An idyllic sojourn in a leafy park alongside the water serves as the setting for a poem about friendship and sharing.
The gentle line-and-color paintings, full of children and adults engaged in many activities, obliquely illuminate the well-meaning but clichéd poetic text. The four-line rhyming stanzas read like so many other works of this type: “Deep in your heart, / the knowing is there. / You know how to love, / and you know how to care.” The pages hold adventures for the children, as viewers follow a small brown-skinned tot in a blue-and-white shirt through the pictures. Judging by the child’s growth from a babe in arms, some years elapse, but neither the child’s outfit nor the seasons change—a disorienting visual choice. Characters of many ages and racial presentations, as well as some with visible disabilities, mark the diversity that is central to the theme of loving kindness as they all play games and frolic. The child in the striped shirt helps a White-presenting kid who slips. Rain starts to fall, but then a rainbow appears and all is well again.
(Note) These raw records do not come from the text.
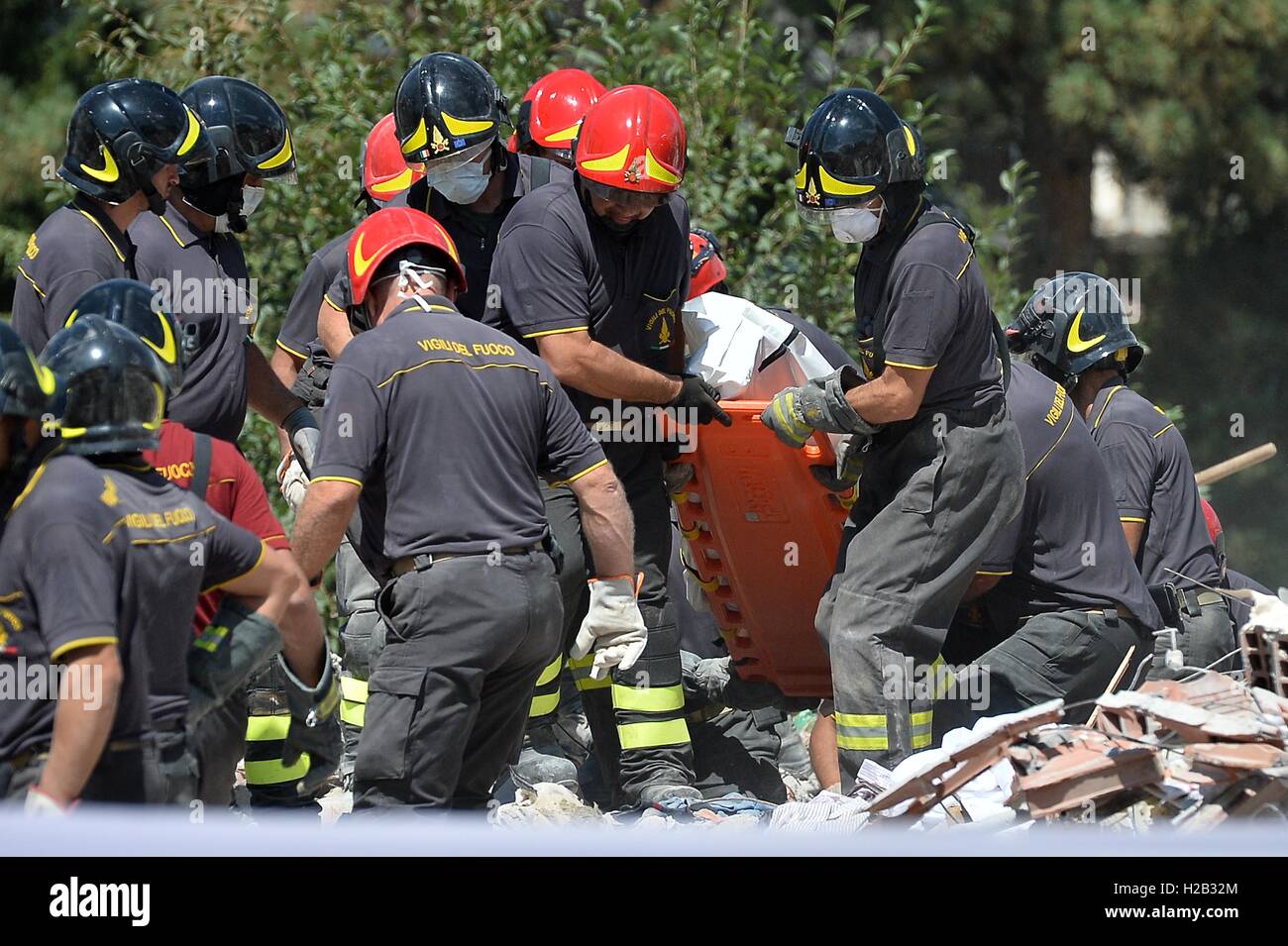 Lavoratori di emergenza continua la ricerca di vittime in edifici danneggiati ad Amatrice, Italia. Persone impostare le tende in un parco dopo essere state colpite dal terremoto. Il numero di morti in 6.2 grandezza terremoto che colpì intorno alla regione Umbria di Ita Foto Stock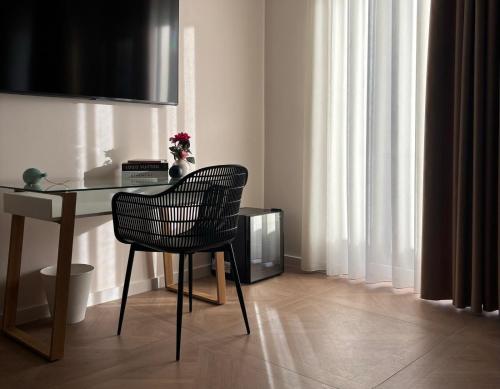 TV a/nebo společenská místnost v ubytování 50 Passi dal Duomo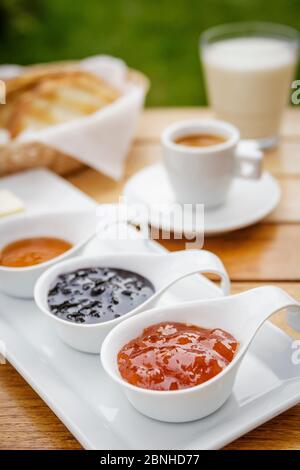 Pfirsich, Heidelbeere, Himbeere Erdbeermarmelade Kaffee Espresso Milch Toast zum Frühstück im Garten Stockfoto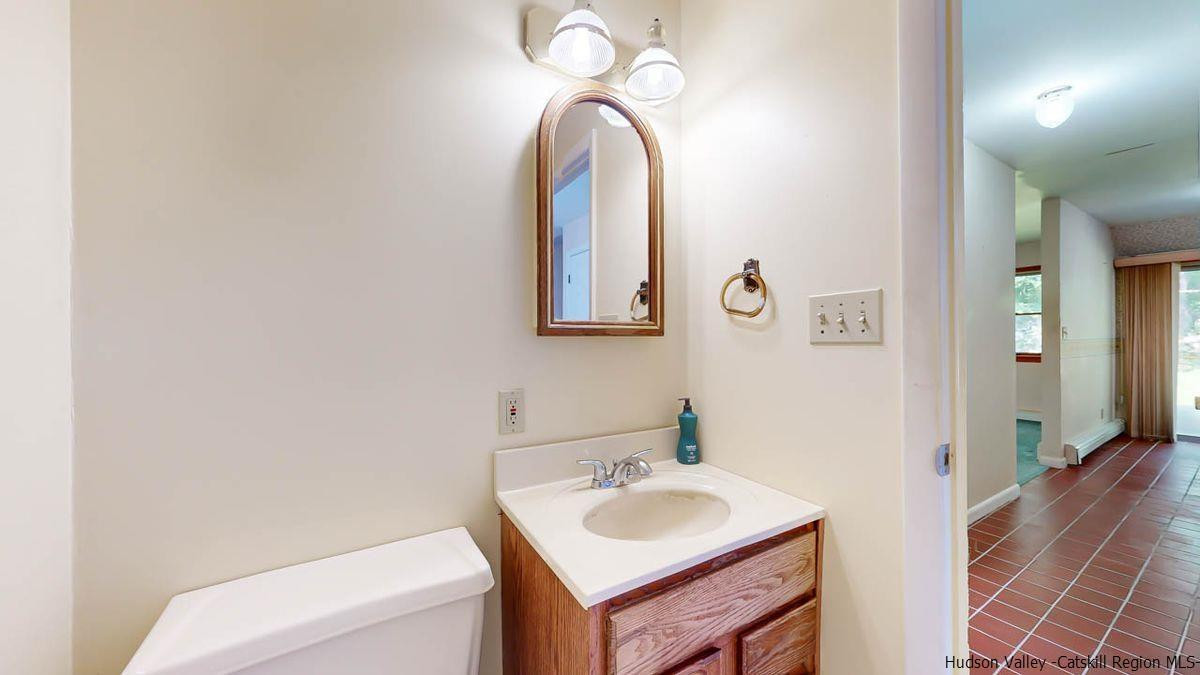 520 Plutarch Road New Paltz, NY 12561 - Photo 9 of 28 a bathroom with a toilet sink and mirror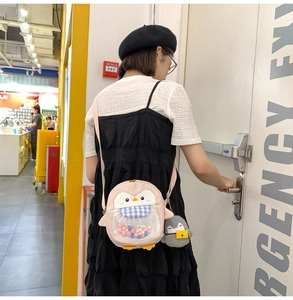 Cute pink penguin crossbody bag with colorful fur balls and a cartoon charm decoration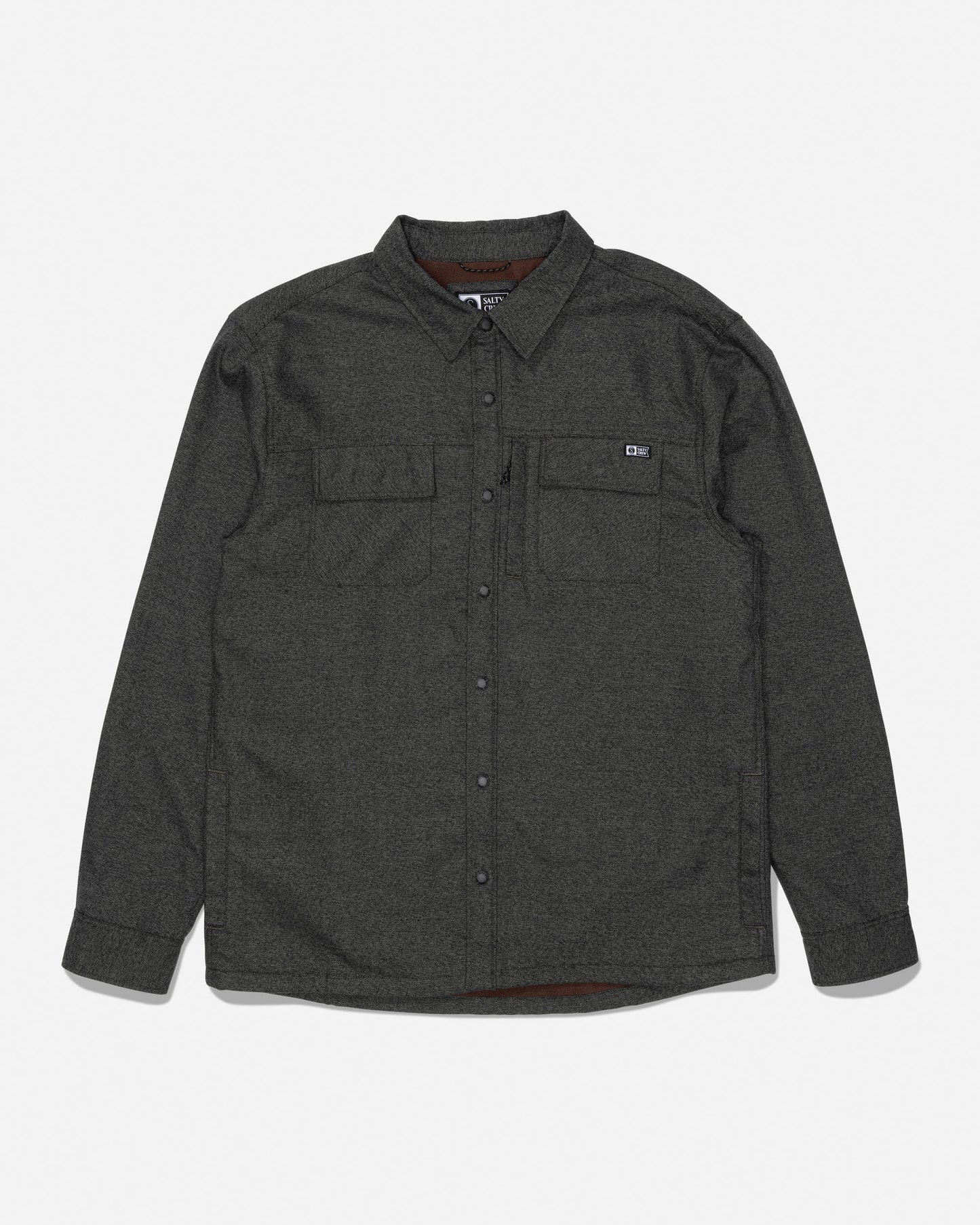 The Salty Crew Fathom Tech Shacket in Agave is a long-sleeve, dark gray button-up shirt made from mid-weight twill, featuring two chest pockets—one accented with a small rectangular logo patch. The shirt is displayed flat against a white background.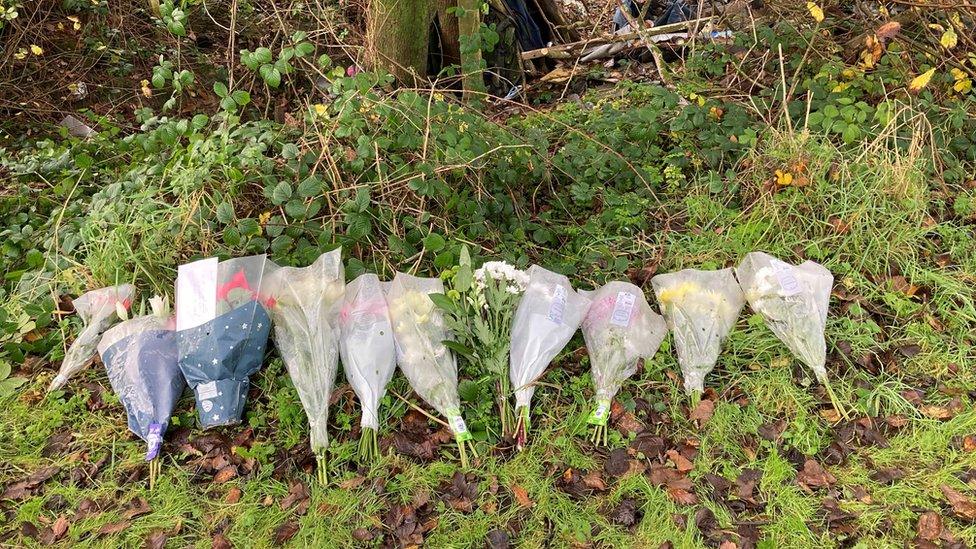 Floral tributes left at the site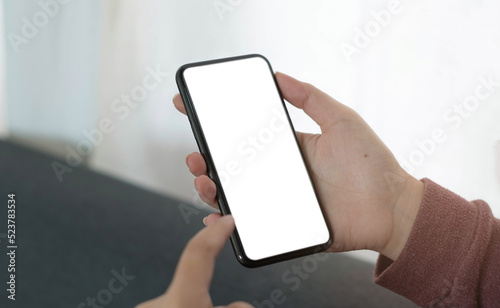Mockup image blank white screen cell phone.women hand holding texting using mobile on sofa © wichayada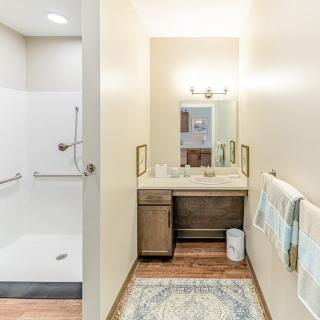 A clean, minimalist bathroom with a vanity area and walk-in shower.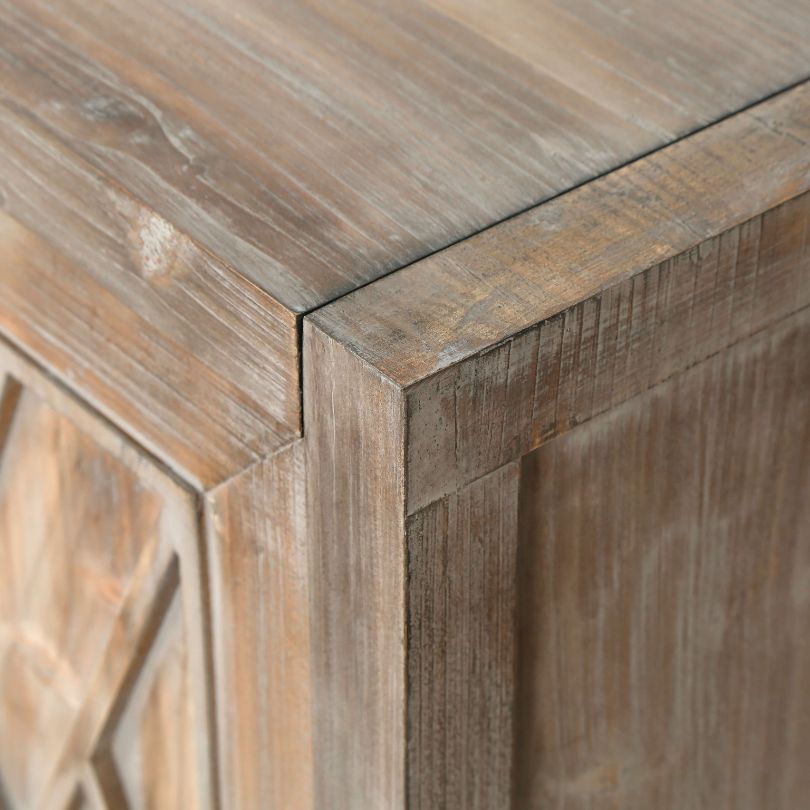 View of the antique grey wood sideboard showcasing its four doors and elegant metal handles.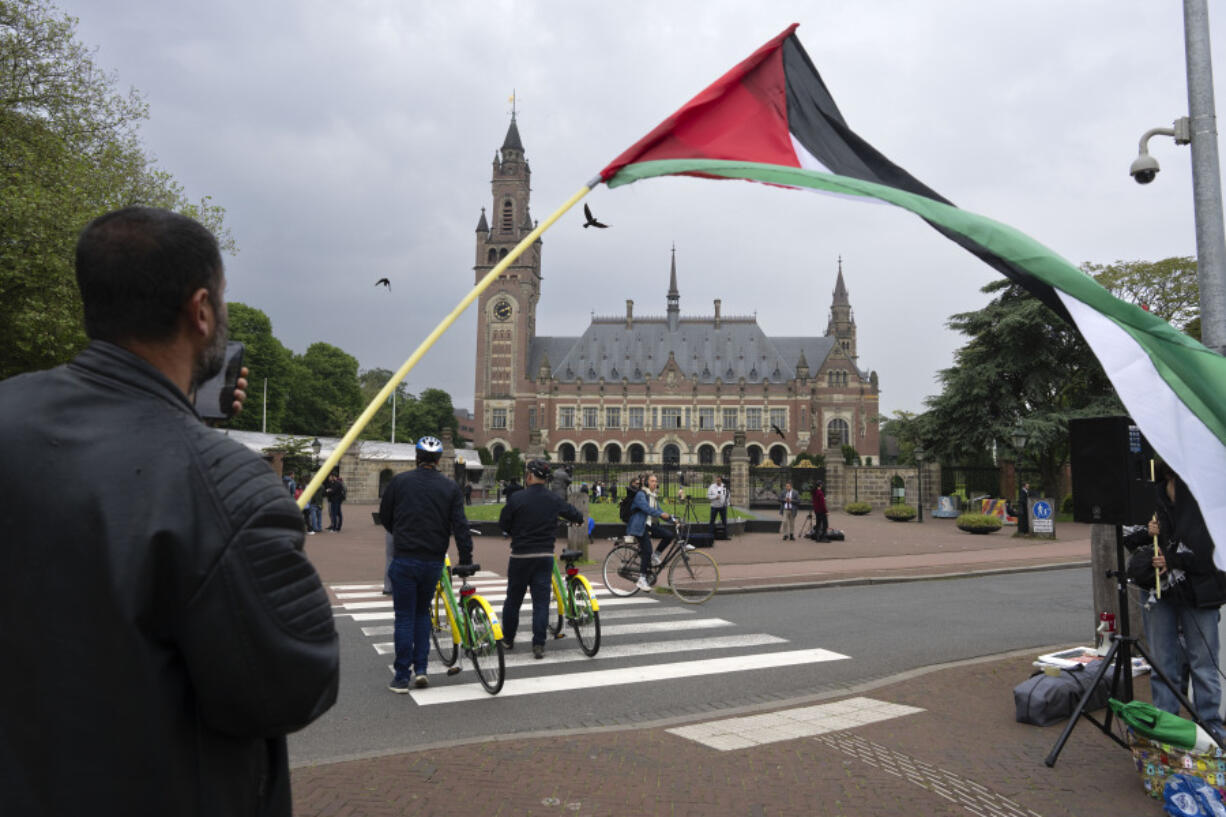 A lone demonstrator waves the Palestinian flag outside the Peace Palace, rear, housing the International Court of Justice, or World Court, in The Hague, Netherlands, Friday, May 24, 2024. The top United Nations court was to rule on an urgent plea by South Africa for judges to order Israel to halt its military operations in Gaza and withdraw from the enclave.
A different child with beige skin doesn’t want to share a kite with the brown-skinned protagonist, but the poem explains that “Not everyone feels like it / every day.” A lovely two-page spread ends the book with everyone floating paper boats on the water. (This book was reviewed digitally with 8-by-20-inch double-page spreads viewed at 29.5% of actual size.)
A murky timeline plus a bland text make for an insubstantial read.